In all the three decisions of this court alluded to supra (viz. Okon v. Administrator General Cross River, Obusez v. Obusez and Asere v. Asere), the point being emphasized is that by the application for the grant of Letters of Administration of estate of deceased persons who had died intestate, the courts so approached were urged to exercise their discretionary powers in determining who was entitled to the grant of administration. It is not any different in the instant matter. Section 26(1) requires that “in granting administration the court shall have regard to the rights of all persons interested in the estate of the deceased person or the proceeds of sale thereof’.
The major complaint against the decision of the lower court is that in the exercise of its discretionary powers the court had failed to give due consideration to the right of the appellant who was also “a person interested in the estate of the deceased person or the proceeds of sale thereof.”
It is trite that a discretion that had not been exercised in bad faith, frivolously or vexatiously but rather judicially and judiciously would persist unperturbed on appeal. However, a discretion the exercise of which had proceeded on the basis of irrelevant consideration or insufficient materials, being perverse, would have to be interfered with on appeal. See: University of Lagos & Anor v. M.I. Aigoro (1985) 1 NWLR (Pt. 1) 143; Williams v. Williams (1987) 2 NWLR (Pt.54) 66 at 82; Beredugo v. College of Science and Ekwunife v. Wayne (WA.) Ltd. (1989) 5 NWLR (Pt.122) 422.

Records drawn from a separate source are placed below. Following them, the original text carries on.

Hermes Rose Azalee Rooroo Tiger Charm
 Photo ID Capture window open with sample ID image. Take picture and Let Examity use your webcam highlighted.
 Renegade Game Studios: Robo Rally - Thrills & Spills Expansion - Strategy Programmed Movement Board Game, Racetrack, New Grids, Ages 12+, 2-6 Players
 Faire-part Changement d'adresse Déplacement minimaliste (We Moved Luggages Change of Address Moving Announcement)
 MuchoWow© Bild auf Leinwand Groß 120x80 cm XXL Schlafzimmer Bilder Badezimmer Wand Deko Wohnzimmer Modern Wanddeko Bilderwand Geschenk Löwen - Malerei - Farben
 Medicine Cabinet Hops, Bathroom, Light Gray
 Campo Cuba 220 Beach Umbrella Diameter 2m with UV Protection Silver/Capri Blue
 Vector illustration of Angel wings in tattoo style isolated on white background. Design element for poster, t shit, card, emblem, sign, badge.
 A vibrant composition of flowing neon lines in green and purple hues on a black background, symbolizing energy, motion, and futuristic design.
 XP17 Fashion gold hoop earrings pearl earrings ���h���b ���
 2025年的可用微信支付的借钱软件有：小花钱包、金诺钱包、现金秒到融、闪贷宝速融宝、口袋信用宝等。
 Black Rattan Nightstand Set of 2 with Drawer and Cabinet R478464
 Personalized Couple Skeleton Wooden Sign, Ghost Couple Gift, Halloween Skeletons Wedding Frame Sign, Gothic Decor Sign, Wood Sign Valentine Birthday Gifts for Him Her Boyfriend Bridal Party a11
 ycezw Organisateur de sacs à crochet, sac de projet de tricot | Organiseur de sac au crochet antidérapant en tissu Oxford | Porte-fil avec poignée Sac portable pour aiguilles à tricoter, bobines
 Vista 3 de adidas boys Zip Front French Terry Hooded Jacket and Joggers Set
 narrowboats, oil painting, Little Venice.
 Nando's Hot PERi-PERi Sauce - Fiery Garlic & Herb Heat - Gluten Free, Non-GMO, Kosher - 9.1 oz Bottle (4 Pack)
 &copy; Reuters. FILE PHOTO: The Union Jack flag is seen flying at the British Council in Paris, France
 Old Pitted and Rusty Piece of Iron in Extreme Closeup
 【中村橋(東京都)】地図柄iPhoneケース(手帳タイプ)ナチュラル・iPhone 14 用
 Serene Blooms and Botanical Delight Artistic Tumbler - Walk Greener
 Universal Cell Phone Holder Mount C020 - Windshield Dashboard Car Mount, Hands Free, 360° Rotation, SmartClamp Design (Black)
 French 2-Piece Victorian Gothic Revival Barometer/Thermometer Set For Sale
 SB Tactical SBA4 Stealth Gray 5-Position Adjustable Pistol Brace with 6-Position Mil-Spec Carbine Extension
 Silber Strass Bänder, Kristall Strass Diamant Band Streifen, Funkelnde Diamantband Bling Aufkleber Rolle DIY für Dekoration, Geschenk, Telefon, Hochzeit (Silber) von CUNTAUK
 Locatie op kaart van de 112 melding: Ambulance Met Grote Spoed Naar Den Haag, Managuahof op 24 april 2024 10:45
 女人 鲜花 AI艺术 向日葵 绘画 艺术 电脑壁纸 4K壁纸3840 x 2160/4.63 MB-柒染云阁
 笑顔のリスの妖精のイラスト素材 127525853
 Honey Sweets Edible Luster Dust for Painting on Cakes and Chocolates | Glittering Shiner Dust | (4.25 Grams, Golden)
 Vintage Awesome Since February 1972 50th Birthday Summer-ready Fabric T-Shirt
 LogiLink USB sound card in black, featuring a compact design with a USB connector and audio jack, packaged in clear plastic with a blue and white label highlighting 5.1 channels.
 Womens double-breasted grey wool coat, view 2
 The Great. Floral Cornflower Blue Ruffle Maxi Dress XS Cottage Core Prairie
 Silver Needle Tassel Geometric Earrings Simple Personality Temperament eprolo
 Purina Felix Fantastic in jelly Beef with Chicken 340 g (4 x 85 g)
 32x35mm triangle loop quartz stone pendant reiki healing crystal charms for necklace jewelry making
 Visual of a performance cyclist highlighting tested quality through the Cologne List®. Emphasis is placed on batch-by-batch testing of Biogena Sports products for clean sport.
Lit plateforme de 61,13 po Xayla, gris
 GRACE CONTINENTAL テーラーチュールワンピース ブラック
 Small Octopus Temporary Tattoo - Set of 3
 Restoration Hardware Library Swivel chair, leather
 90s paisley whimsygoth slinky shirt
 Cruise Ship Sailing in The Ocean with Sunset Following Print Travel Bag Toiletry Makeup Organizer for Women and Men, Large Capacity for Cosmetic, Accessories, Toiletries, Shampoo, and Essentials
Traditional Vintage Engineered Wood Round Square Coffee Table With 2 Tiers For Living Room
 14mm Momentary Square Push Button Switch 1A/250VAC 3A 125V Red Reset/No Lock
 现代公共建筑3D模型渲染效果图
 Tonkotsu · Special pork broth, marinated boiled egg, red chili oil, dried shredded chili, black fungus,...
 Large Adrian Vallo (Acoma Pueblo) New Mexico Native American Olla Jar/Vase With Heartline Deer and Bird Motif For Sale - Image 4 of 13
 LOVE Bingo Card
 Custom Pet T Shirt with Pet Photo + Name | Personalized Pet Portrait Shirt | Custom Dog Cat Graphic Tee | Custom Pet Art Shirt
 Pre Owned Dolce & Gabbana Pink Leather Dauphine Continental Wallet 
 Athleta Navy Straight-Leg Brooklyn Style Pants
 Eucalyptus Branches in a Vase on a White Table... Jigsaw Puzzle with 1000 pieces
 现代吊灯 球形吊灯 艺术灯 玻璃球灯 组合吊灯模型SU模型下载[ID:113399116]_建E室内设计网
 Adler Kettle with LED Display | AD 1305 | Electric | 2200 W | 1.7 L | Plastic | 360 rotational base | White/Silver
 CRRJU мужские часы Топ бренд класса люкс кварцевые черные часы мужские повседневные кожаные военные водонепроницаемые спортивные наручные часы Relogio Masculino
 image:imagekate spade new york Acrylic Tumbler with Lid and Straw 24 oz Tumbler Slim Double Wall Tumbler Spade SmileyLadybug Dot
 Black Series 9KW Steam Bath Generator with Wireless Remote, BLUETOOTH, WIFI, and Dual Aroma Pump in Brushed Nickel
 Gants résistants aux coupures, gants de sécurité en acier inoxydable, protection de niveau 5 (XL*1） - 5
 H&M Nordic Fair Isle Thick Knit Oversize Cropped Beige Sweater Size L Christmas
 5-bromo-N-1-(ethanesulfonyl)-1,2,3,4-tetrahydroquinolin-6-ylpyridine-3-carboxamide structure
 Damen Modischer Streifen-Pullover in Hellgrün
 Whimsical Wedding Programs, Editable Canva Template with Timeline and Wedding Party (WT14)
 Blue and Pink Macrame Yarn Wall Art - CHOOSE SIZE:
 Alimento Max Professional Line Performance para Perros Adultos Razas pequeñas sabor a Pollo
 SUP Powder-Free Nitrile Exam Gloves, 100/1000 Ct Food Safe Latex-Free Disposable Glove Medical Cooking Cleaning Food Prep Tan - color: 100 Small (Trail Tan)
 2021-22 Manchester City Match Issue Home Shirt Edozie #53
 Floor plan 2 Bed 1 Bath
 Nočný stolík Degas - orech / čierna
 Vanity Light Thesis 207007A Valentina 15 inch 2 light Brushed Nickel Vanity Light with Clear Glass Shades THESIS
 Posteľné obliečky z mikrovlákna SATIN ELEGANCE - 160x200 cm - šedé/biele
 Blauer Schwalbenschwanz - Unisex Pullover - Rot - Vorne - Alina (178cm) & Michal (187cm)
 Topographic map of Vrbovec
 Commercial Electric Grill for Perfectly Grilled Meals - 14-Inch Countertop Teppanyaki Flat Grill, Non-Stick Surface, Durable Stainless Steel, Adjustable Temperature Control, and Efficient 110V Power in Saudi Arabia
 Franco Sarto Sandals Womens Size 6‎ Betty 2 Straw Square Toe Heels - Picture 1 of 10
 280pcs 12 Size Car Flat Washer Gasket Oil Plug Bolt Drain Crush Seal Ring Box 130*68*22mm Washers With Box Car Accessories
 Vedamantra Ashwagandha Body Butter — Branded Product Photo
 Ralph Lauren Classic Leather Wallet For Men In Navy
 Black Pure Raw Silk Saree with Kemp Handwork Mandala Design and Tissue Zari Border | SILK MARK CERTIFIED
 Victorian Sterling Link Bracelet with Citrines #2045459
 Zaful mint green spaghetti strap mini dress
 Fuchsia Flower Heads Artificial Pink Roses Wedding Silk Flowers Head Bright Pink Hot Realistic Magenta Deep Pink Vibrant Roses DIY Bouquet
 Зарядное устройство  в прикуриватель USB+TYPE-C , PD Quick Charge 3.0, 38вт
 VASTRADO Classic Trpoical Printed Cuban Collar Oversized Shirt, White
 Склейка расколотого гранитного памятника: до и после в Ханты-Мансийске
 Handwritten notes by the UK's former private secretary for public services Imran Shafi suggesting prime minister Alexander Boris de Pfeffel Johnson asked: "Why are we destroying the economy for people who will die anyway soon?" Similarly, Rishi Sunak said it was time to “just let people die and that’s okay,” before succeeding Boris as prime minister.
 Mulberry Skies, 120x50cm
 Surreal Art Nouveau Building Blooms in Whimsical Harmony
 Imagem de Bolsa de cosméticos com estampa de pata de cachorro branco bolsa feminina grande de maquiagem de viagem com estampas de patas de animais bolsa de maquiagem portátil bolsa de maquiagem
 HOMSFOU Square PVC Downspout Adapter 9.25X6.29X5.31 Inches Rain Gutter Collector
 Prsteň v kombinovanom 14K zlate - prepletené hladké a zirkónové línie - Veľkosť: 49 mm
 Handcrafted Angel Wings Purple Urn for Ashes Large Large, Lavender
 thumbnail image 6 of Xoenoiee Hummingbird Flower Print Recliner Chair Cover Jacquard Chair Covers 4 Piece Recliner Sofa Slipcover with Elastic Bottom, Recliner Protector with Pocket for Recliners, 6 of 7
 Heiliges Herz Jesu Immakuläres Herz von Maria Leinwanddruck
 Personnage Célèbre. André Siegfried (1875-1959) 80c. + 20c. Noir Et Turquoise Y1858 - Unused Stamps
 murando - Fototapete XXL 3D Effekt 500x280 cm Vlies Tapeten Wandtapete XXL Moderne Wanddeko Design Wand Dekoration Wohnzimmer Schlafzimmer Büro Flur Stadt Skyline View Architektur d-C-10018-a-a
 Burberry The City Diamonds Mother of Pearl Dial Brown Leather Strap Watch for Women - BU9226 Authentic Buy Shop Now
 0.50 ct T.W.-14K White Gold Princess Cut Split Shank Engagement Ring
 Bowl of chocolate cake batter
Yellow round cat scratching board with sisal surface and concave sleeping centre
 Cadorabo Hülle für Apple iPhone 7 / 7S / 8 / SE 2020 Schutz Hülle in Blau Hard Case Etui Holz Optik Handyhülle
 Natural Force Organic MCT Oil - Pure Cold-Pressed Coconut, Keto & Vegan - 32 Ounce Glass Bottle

In applying the above principles in determining whether or not the lower court’s exercise of judicial discretion was wrongly undertaken, resort must be had to the materials placed before the court. The grant of the Letters of Administration of the estate of the deceased person to the appellant who was in no position to and legally never married the deceased was unmistakably untenable. The lower court’s conclusion to this end is clearly the same. The court at page 52 of the record of appeal found that appellant’s interest in the estate of the deceased could only be defined by the legality of her purported marriage to the deceased both under the Onitsha Customary Law which appellant claimed to have contracted with the deceased on 7th July, 1995, and the Marriage Act as she sought to establish by exhibit A.
From the state of pleadings and evidence before the lower court, it appears settled that the decree nisi issued in respect of the marriage between the 1st respondent and the deceased was yet to become absolute. The decree nisi was issued on 30th September, 1996. Mr. Nzegwu died on 31st October, 1996. Yet by S. 58 of the Matrimonial Causes Act, a decree nisi becomes absolute at the expiration of three months after its issuance. Appellant’s marriage to the deceased under the Igbo customary law on 7th July, 1995, when the latter was still validly married to the 1st respondent under the Marriage Act, as rightly held by the lower court, could not have been lawful given the combined effect of S. 33, S. 35, S. 39 (1) and S. 58 of the Matrimonial Causes Act. In effect, with the lawful marriage between 1st respondent and the deceased subsisting right to the time of the latter’s death, appellant cannot legally claim entitlement to administration of the estate on the basis of her being deceased’s surviving lawful wife. The truth is that appellant never was legally married to the deceased.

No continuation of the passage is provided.